4. Entfaltung der Kontroversen, in die junge Aktivist*innen verstrickt sind

Die FFF-Bewegung präsentiert sich als ein Schauplatz von Kontroversen – als eine „Arena (Strauss 1978), in der verschiedene soziale Welten, Akteur*innen und damit Perspektiven, Verpflichtungen und Erwartungen aufeinandertreffen (Clarke 2012, 77 f.). Im Forschungsstand wurde eine feldspezifische Kontroverse, nämlich das Spannungsverhältnis in Hinblick auf die Beziehung zwischen FFF und der Wissenschaft, bereits angedeutet. Allerdings ist es wichtig, nicht im Vorfeld eine Ordnung zu schaffen oder die Widersprüchlichkeiten durch einen Blick von außen aufzulösen. Dazu verhilft uns als sensibilisierendes Konzept (Blumer 2001 [1969], 148) der in Latours Arbeiten erhobene Anspruch, „das volle Spektrum der Kontroversen, in die [die Akteure] verstrickt sind, zu entfalten“ (Latour 2017, 44). Statt von einer bestimmten Struktur auszugehen, lässt sich das Soziale aus seiner Sicht angemessener als Netzwerke begreifen, sodass ein Feld nur durch die genaue Analyse von Relationen und Verknüpfungen empirisch erschlossen werden könne. Entsprechend haben wir zwei miteinander verknüpfte Kontroversen identifiziert, die sich im empirischen Material entlang der Frage von Wissenschaft und Glaubwürdigkeit offenbaren; diese werden wir im Folgenden schreibend entfalten. Die empirischen Analysen werden dabei von uns immer wieder mit der relationalen Perspektive Latours, welche den Blick weniger auf die Akteur*innen selbst, sondern vielmehr auf deren Verbindungen im Netzwerk richtet, angereichert. Zudem verhilft dessen Begriffsrepertoire dazu, uns selbst immer wieder dem Feld gegenüber zu befremden und das empirische Material in seiner Ambivalenz zu beleuchten.

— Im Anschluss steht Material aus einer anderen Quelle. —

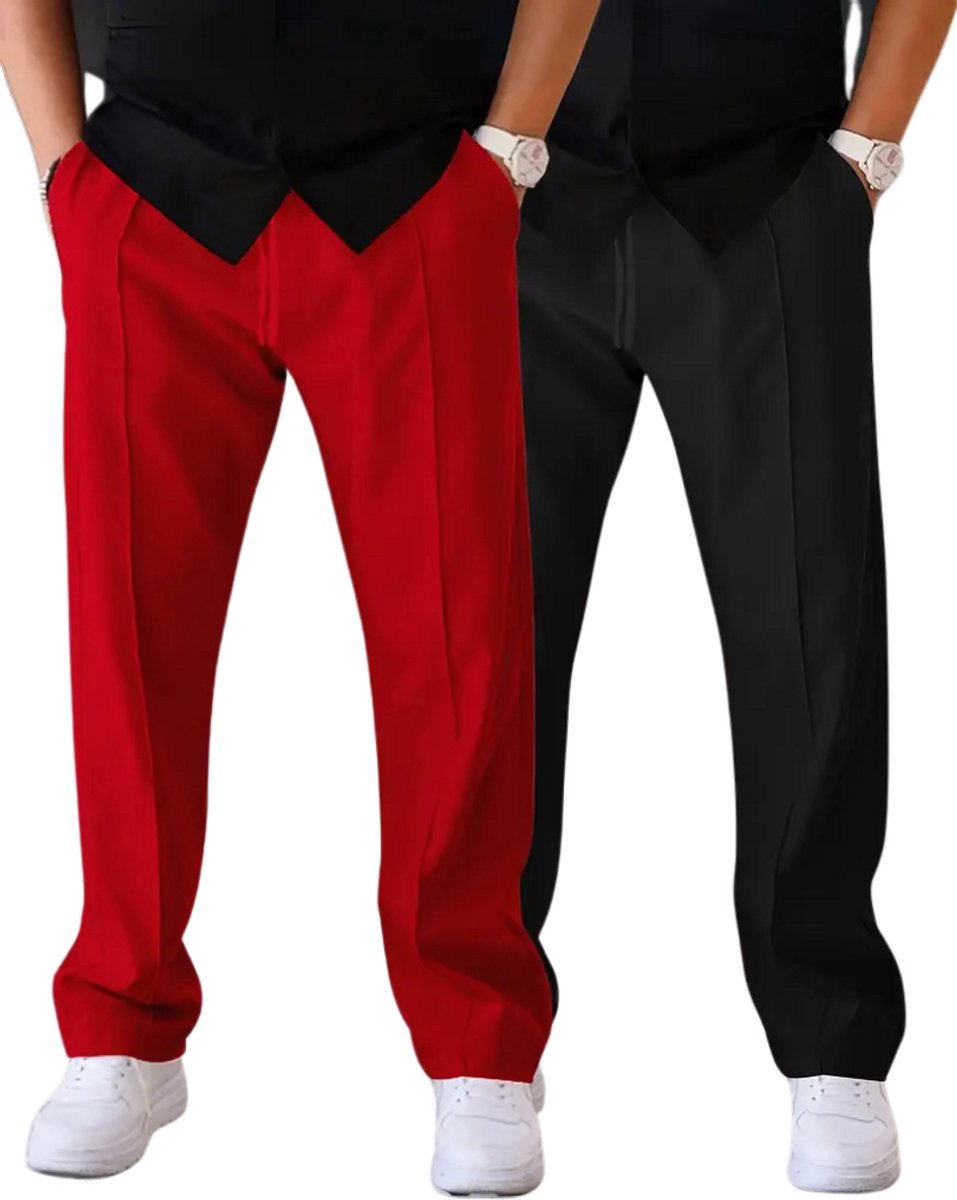 Bovista Pantalon Heren Chino Golfbroek Nette Broek Elastische Tailleband Volwassenen 2 Stuks Zwart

4.1 Erste Kontroverse: Die Unsicherheit gesicherter Fakten

Die erste Kontroverse, die sich aus dem Material rekonstruieren lässt, bezieht sich auf die Prekarität, die das Berufen auf wissenschaftliche Tatsachen in diesem Kontext mit sich bringt. Dies verdeutlicht bereits folgende Szene, die sich in einem Interview mit zwei 15-jährigen Aktivistinnen ereignet:

B13-1: [E]s ist halt TOTAL blöd dieses KACKklimapaket. Was soll denn das? Das […] ist so wenig Geld […] also die CO2-Steuer das ist ja NICHTS. Und die Wissenschaftler sagen ja, dass es VIEL höher sein müsste, damit hier irgendwann noch was geändert werden kann und so. Also das ist echt total bescheuert. Echt.
I: Welche Wissenschaftler? Also worauf beziehst du dich jetzt da?
B13-1: Ja also es gibt ja diese, (.) ja. Das ist jetzt ein bisschen schwierig weil ähm. (I13, Z. 415–424)[1]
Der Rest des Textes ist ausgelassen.